Up to 30% of serviced apartment, SOHO projects in Selangor must be affordable

Mangalesri Chandrasekaran5 Sept 2016

 

The Selangor Housing and Property Board (LPHS) has unveiled a new set of guidelines requiring property developers to set aside up to 30 percent of affordable units for their boutique office and serviced apartment projects.

According to executive director Norzaton Aini Mohd Kassim, developers who build small office home offices (SOHO), small office versatile offices (SOVO), small office flexible offices (SOFO) and serviced apartments are required to allocate 10 percent for affordable units for projects with 500 units and below, 15 percent for those with 501 to 1,000 units and 20 percent for those with over 1,000 units.

For transit-oriented development areas, the allocations for SOHO and serviced apartments will be higher at 20 to 30 percent.

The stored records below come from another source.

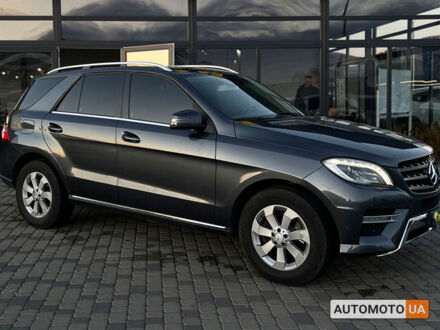 Мерседес МЛ 350 2015 в Мукачеве на Automoto.ua Серый Мерседес МЛ 350, объемом двигателя 3 л и пробегом 217 тыс. км за 28500 $, фото 1 на Automoto.ua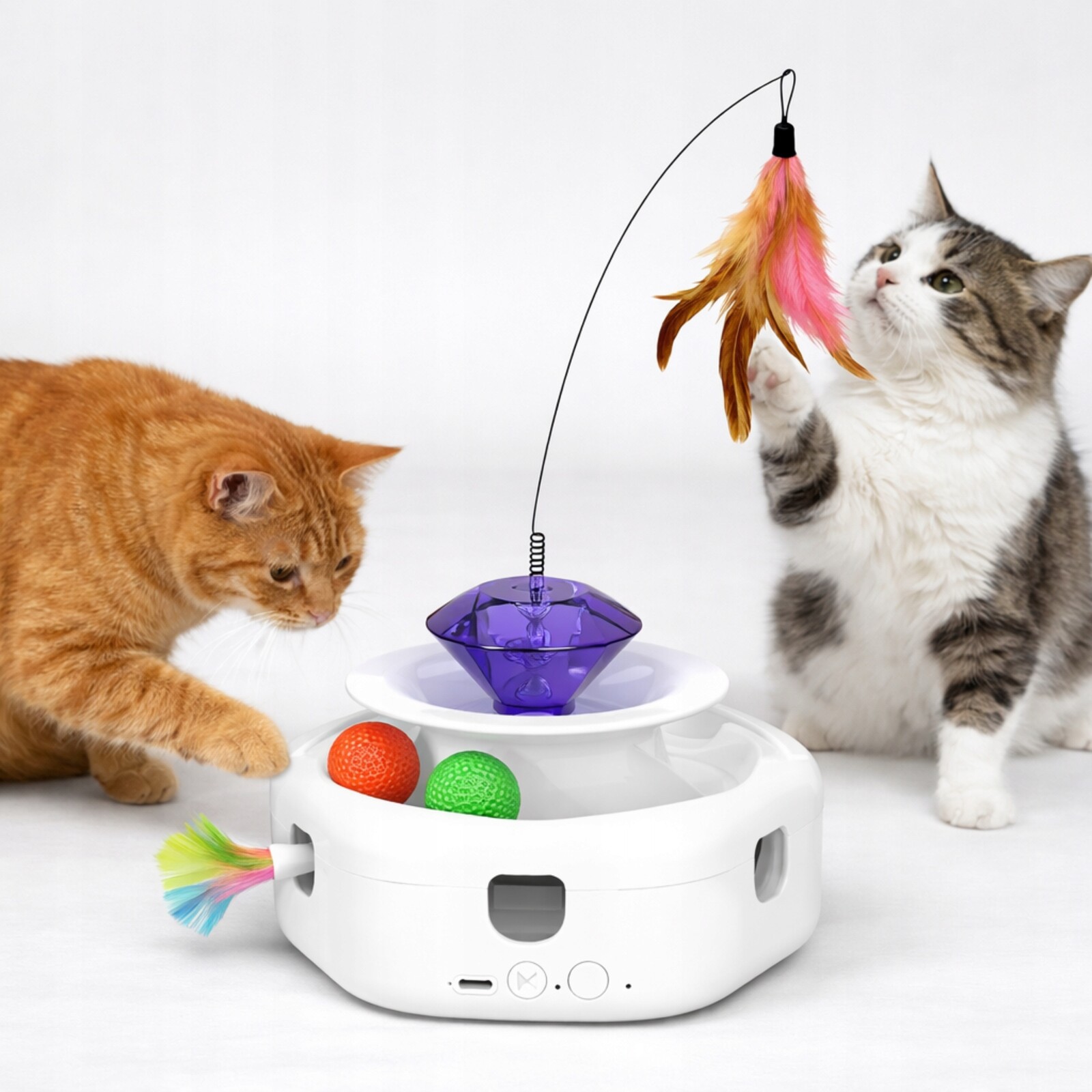 Interaktivní hračka pro kočky s laserem a peříčky – hra na schovávanou, 4v1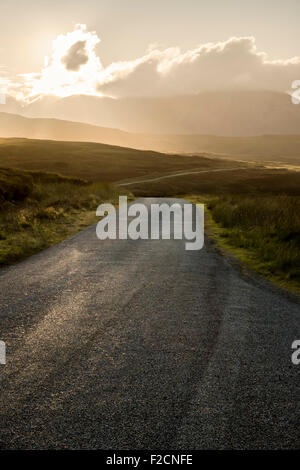 Route de montagne serpentant à travers les Highlands écossais. Banque D'Images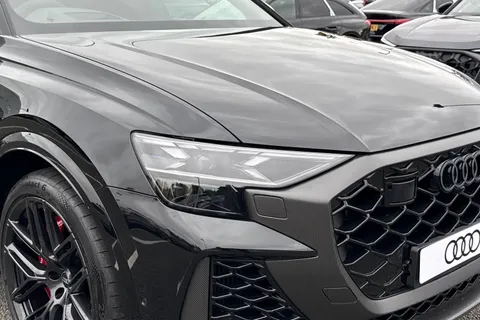 Audi RS Q8 4.0 TFSI V8 Performance Carbon Vorsprung Tiptronic quattro Euro 6 (s/s) 5dr Thumbnail #9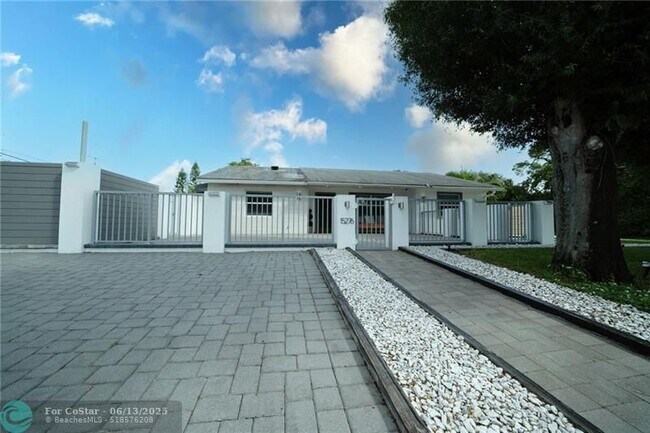 Building Photo - 15276 Harrison Rd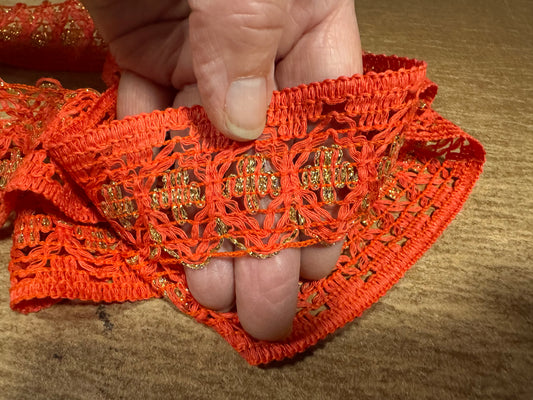 Metallic crochet lace edging trim fabric with scallop, per metre - coral with gold lurex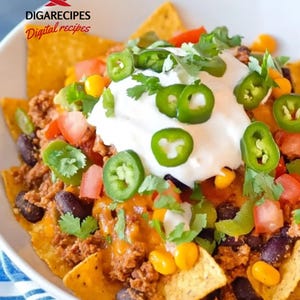 Gehendes Taco-Auflauf-Rezept: Einfaches Abendessen mit Käse (Instant Download PDF)
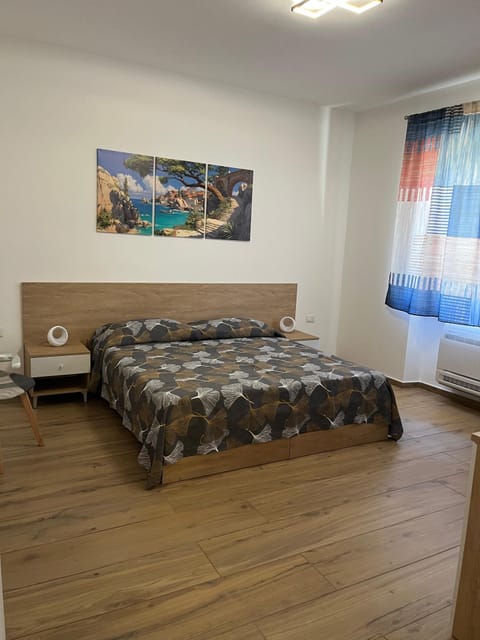 Desk, soundproofing, iron/ironing board, free WiFi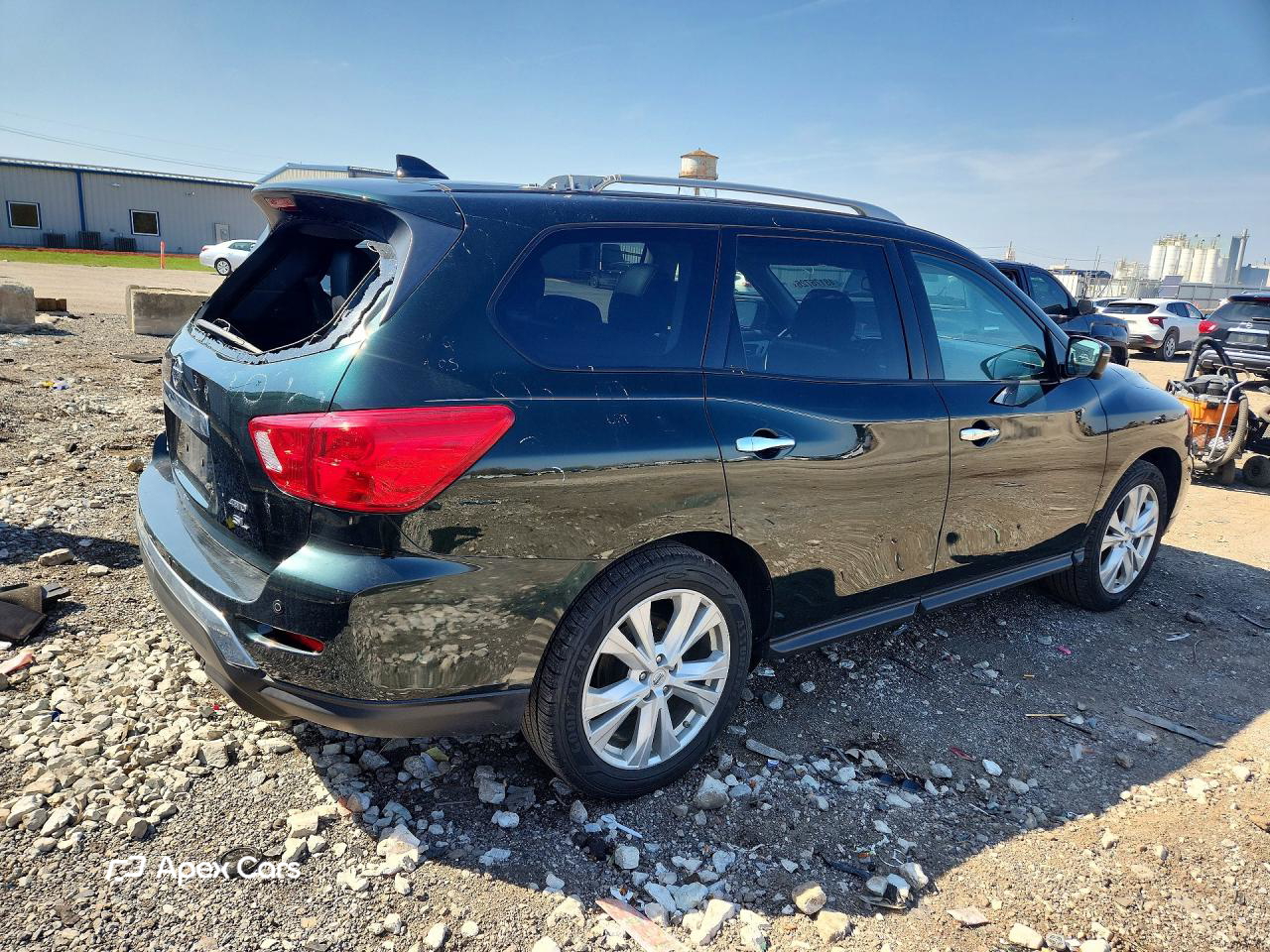 Nissan Pathfinder 2019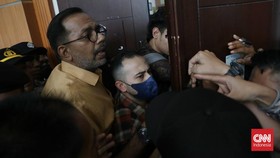 FOTO: Sidang Kesaksian Luhut Diwarnai Cekcok Hakim Vs Haris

Transit-oriented developments are areas with light rail transit, mass rapid transit or bus rapid transit stations within a 400-metre radius.

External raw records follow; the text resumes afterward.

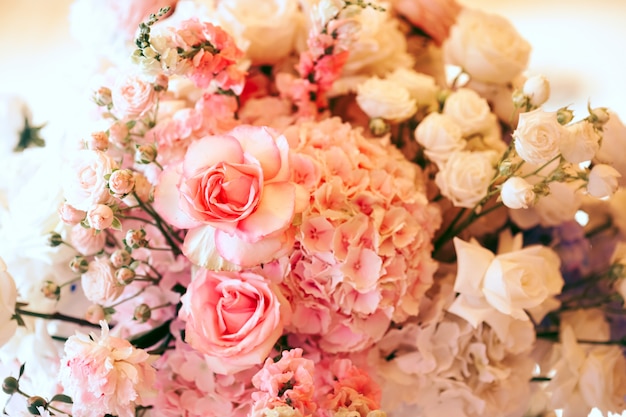 Boquet de hortensias rosas, rosas y eustoma blanco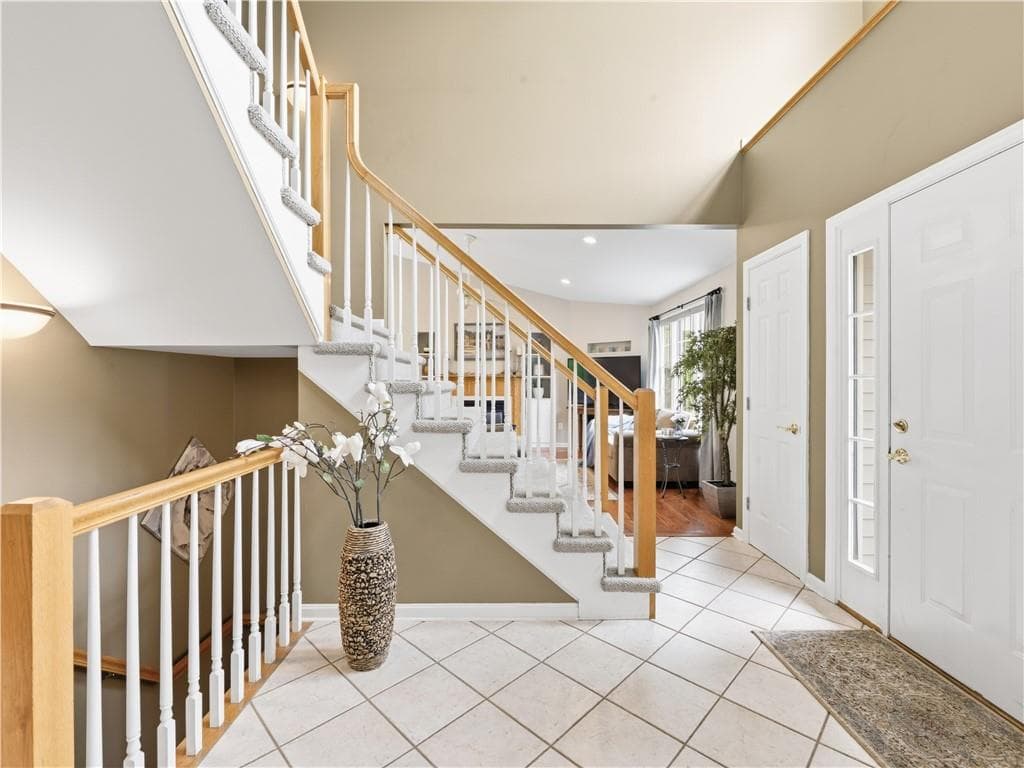48 Hummingbird Lane photo 4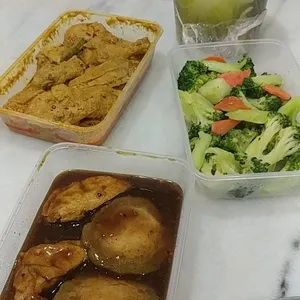 Dishes: 3 Dishes + 1 Soup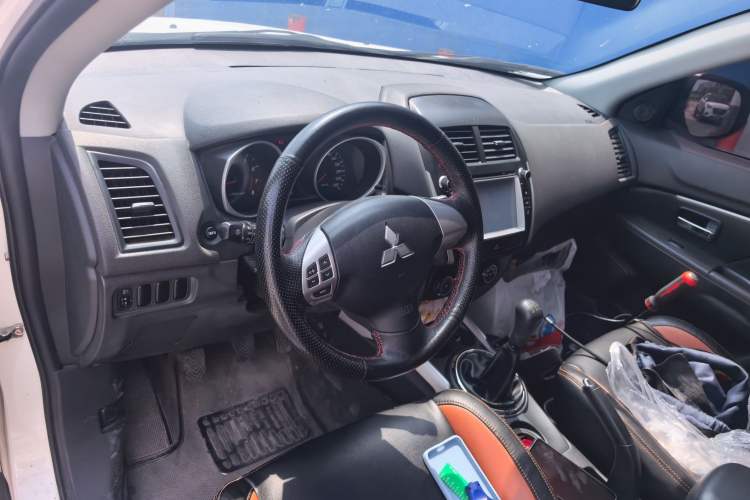 Used Mitsubishi ASX 2013 1.6L Manual Two-Wheel Drive Standard Edition Center Console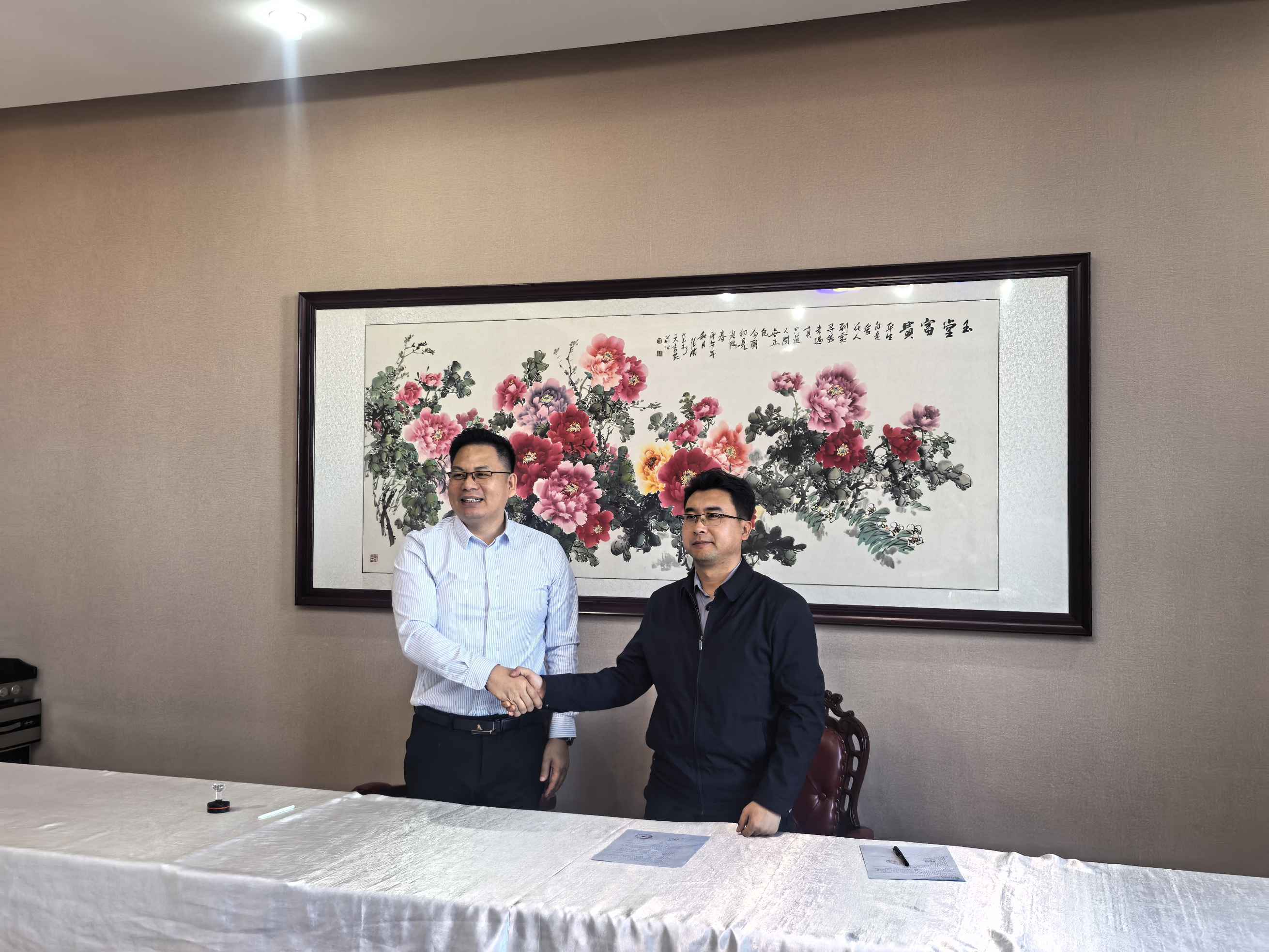 ���ͺ������A�����W(xu��)У�c������˹���B(t��i)�h(hu��n)���W(xu��)Ժ��ӆ�и�һ�w�������k�W(xu��)�f(xi��)�h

Effective 1 September, selling prices for affordable SOHO/SOVO/SOFO and serviced apartments are capped at RM230,000 and RM270,000 respectively.

Since these are controlled prices, no discounts will be given to bumiputras acquiring SOHO/SOVO/SOFO and serviced apartments as the prices are already subsidised by property developers through the non-affordable units.

Nonetheless, there will be a difference in furnishings for non-affordable and affordable units, said Norzaton.

The SOHO/SOVO/SOFO and serviced apartments will have a minimum unit size of 450 sq ft and 550 sq ft respectively.

“We don’t care how big or small they are (non-affordable units), but the size of affordable ones must be 450 and 550 square feet,” stated Norzaton.

She noted that the new guidelines are different from the Rumah Selangorku scheme. Those within the RM10,000 household income bracket are eligible under Rumah Selangorku, while the new guidelines caters to those with household income of up to RM15,000. However, both schemes are for first-time home buyers only.

Having affordable units at property projects is not new in Selangor since residential projects have been observing it for years with an allocation of around 30 percent, depending on locality, said Norzaton.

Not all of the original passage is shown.